Lately I’ve been getting a lot of complaints that the year is wrong in Bank Statement Converter’s resulting CSV. At first when I got these complaints I thought “What the hell you talking about? All we do is find the transaction data and then write it out to a CSV file. How can the year be wrong?”. Let’s walk through an what’s going on with one of my HSBC bank statements.

When converted it looks like this

After downloading and opening up the text in a text editor like like Sublime Text, it looks like this.

Date,Transaction Details,Deposit,Withdrawal,Balance
20 Feb,B/F BALANCE,,,"XXX"
27 Feb,CREDIT INTEREST,3.84,,"XXX"

If you open it up in Excel it looks like this

Take a look at the date at the top of the image. The year is set to 2022, but the CSV does not have a year in it. Excel is a jerk and has added in the current year.

Not our problem?

I could say to my customers “Well actually Excel is the one adding in the year. The CSV we generate is correct, it’s a problem with Excel”. That’s tempting, but surely there is a way to figure out the correct year for a bank statement. Let’s take a look at the top of my HSBC bank statement.
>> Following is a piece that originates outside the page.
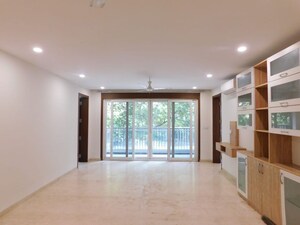 Room in 4 BHK Apartment at Lahari Jubilee Hills, Jubilee Hills – for Rent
There’s a mysterious unlabeled date that reads “20 March 2021”. We can’t really know for sure, but let’s assume this date is the “Statement Date” or the date the statement was generated. Let’s see if we can figure out a method to add in the correct year for the dates that we have.

Example #1 - March

Input
Statement Date: 20 March 2021
Dates: 20 Feb, 27 Feb, 2 Mar, 4 Mar, 9 Mar, 12 Mar, 16 Mar

Output
20 Feb 2021
27 Feb 2021
2 Mar 2021
4 Mar 2021
9 Mar 2021
12 Mar 2021
16 Mar 2021

This looks pretty easy to deal with. Let’s just grab the year from the statement date and append it to the dates.

Example #2 - January

Input
Statement Date: 20 January 2021
Dates: 22 Dec, 24 Dec, 25 Dec, 31 Dec, 2 Jan, 14 Jan

Output
22 Dec 2020
24 Dec 2020
25 Dec 2020
31 Dec 2020
2 Jan 2021
14 Jan 2021

Our strategy from the previous example isn’t going to work. The first thing that comes to mind is to detect the cross over point. Set the statement year minus one for all dates before the cross over. Set the statement year for all dates after the cross over point. Detecting the cross over point is a little bit annoying. One way to do it is put a dummy year on all the dates, and then find the first date that is “less than” the preceding date.
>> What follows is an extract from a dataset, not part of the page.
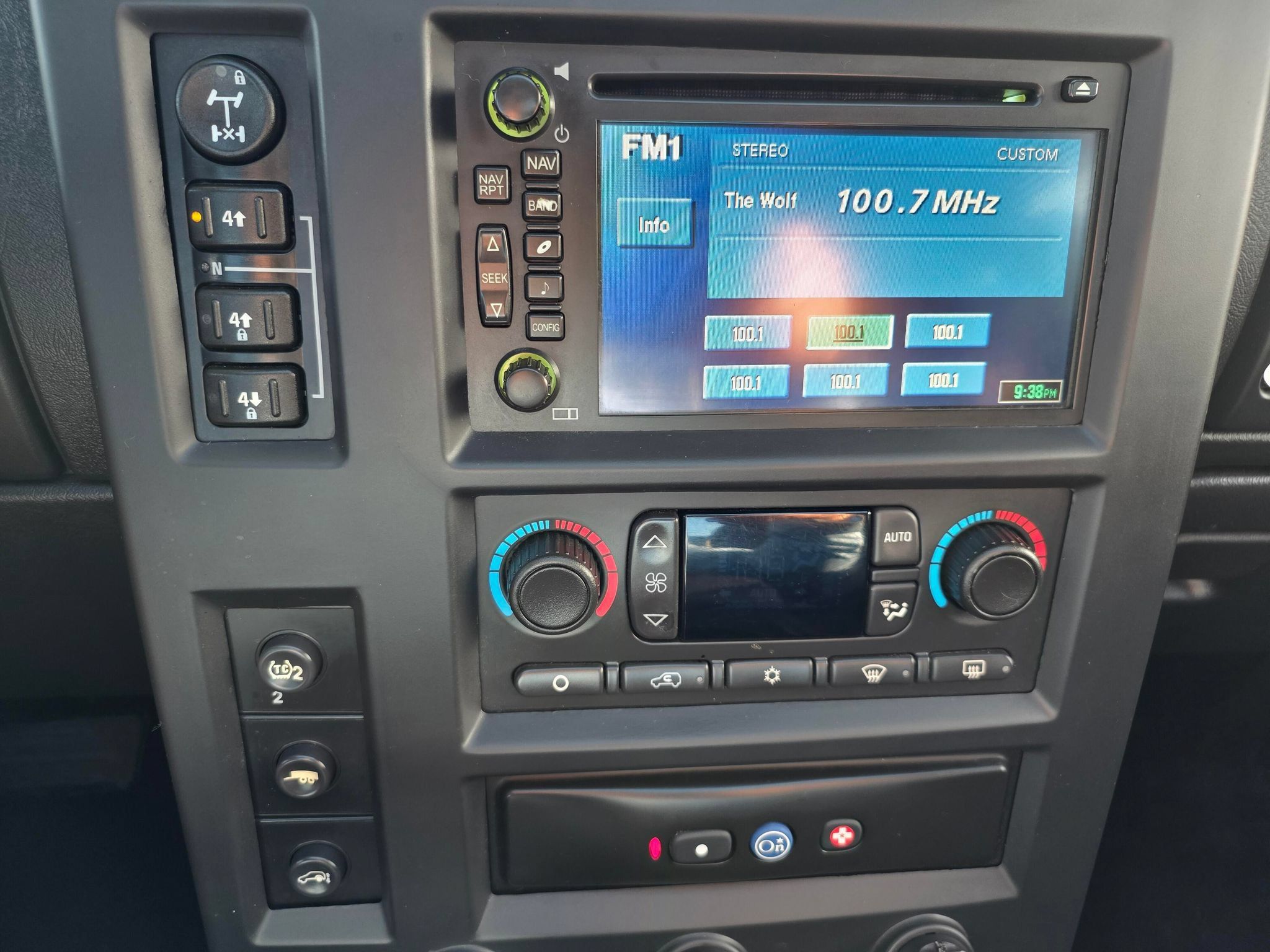 Used 2005 HUMMER H2 SUT w/ Preferred Equipment Group AWD/4WD image 16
Let’s walk through the example. First we put on a dummy year on all the dates:
22 Dec 1999
24 Dec 1999
25 Dec 1999
31 Dec 1999
2 Jan 1999
14 Jan 1999

Then we find the first date that is less than the preceding date. Which is “2 Jan 1999”. We then set the statement year for all dates after and including the cross over point:

22 Dec 1999
24 Dec 1999
25 Dec 1999
31 Dec 1999
2 Jan 2021
14 Jan 2021

We then set the year before the statement year for all dates before the cross over point:

22 Dec 2020
24 Dec 2020
25 Dec 2020
31 Dec 2020
2 Jan 2021
14 Jan 2021

That’s pretty complicated, but it works! It does smell like a loser though. If the code smells like a loser, it probably is.

Example #3 - January Statement with no January transactions

Input
Statement Date: 20 January 2021
Dates: 22 Dec, 24 Dec, 25 Dec, 31 Dec

Output
22 Dec 2020
24 Dec 2020
25 Dec 2020
31 Dec 2020

There is no cross over point in this data. If we ran our imaginary code it would probably set the year to 2021 for all of these dates. Which is not what we want. This set of data stumped me for quite some time. I eventually called up my good friend Jason Traish. He immediately came up with the following algorithm.

“Assume statements only go back in time by three months. Create a mapping for the previous three months. January goes to 2021, December to 2020 and November to 2020. Then you transform the dates, grab the correct year from your mapping”

This works pretty well. This method doesn’t care about the order of the dates, ascending, descending or randomly ordered dates will work.

What about combined PDFs?

Some people like to combine multiple PDFs into one and then upload it to Bank Statement Converter. This usually works fine. However this could really mess with our year adding technique. What if a user uploads three years worth of bank statements merged into one PDF? We’d need to look for multiple statement dates and use the closest one in the document.

What about statements that span multiple years?

Ah… pass. I’m sure they exist, but I don’t think they’re common. I’ll deal with this if it ever comes up.

Does a Generic Solution Exist?

It might be possible, I don’t see it at the moment though. A generic solution using the strategy I mentioned above would require a generic way of finding all the statement dates in the PDF. It would also require a generic way of adding the year to a transaction date. Perhaps Jason Traish will think of a generic solution, until then I’ll continue playing whack-a-mole by fixing up statements as customers complain.